Chapter 3 describes the synthesis and structures of heterometallic Ir/Hg cyclometalated complexes with Ir−Hg bonds. [IrCl(κ²-C^N^CH)(COD)HgIr(COD)Cl₂]₂, [Ir(C^N^C)(COD)HgIr(COD)Cl₂] and [Ir(C^N^C)(COD)HgCl] were synthesized from transmetalation of [Ir(COD)Cl]₂ (COD = 1,5-cyclooctadiene) with [Hg(κ²-C^N^CH)Cl] (H₂C^N^C = 2,6-bis(4-tert-butylphenyl)pyridine) under different conditions. Treatment of [Ir(C^N^C)(COD)HgCl] with PhICl₂ followed by reaction with PCy₃ afforded a mercury-free Ir(C^N^C) complex, [Ir(C^N^C)(COD)Cl], that contains a labile chloride ligand. Reaction of [Ir(PPh₃)₃Cl] with [Hg(κ²-C^N^CH)Cl] in refluxing tetrahydrofuran led to isolation of [Ir(PPh₃)(κ²-P,C-PPh₂C₆H₄)₂Cl] that contains two cyclometalated triphenylphosphine ligands.

Chapter 4 describes the synthesis of heterometallic Ir/Ru nitrido complexes starting from a cationic Ru(VI) nitrido Schiff base complex, [Ru(N)(salchda)(MeOH)]⁺ (H₂salchda = N,N’-bis(salicylidene)-o-cyclohexyldiamine).
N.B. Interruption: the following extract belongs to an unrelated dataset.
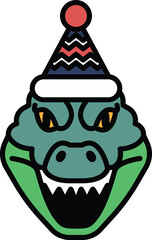 A cartoon crocodile with a hat on its head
Treatment of [Ru(N)(salchda)(MeOH)]⁺ with [Cp*IrCl₂]₂ (Cp* = pentamethylcyclopentadienyl) and [Ir(TBHPP)(C₈H₁₃)] (H₂TBHPP = tetrakis(3,5-di-tert-butyl-4-hydroxyphenyl)porphyrin) afforded [Cp*IrCl₂(μ-N)Ru(salchda)(PO₂F₂)] and a diamagnetic tetranuclear μ-nitrido and μ-hydroxo complex, [{Ir(TBHPP)(C₈H₁₃)(μ-N)Ru(salchda)}₂(μ-OH)](PF₆), respectively. X-ray crystallography revealed that these Ir−N−Ru complexes contain Ru−N and Ir−N double bonds, and therefore they can be described as Ru(VI)≡N−Ir(III) or Ru(IV)=N=Ir(V) complexes. Reaction of [Ir(dtbpy)(SiMe₃)Me(CH₂SiMe₃)] (dtbpy = 4,4’-di-tert-butyl-2,2’-bipyridyl) with [L_OEtRu(N)Cl₂] and PhICl₂ afforded the μ-nitrido [(Me)(CH₂SiMe₃)(SiMe₃)Ir(μ-N)Ru(L_OEt)Cl₂] and dichloride [Ir(dtbpy)(SiMe₃)Cl₂] complexes, respectively.

Chapter 5 describes the oxidation of [L_OEtRu(^tBuNH₂)Cl₂] with a hydrogen-atom transfer reagent. Treatment of [L_OEtRu(^tBuNH₂)Cl₂] with “magic blue” and 2,6-lutidine produced the Ru(VI) nitrido complex [L_OEtRu(N)Cl₂], presumably via C−N cleavage and butene elimination of a Ru(V) tert-butylimido intermediate. Ru amine complexes with catecholate and perfluoropinacolate have also been synthesized and characterized.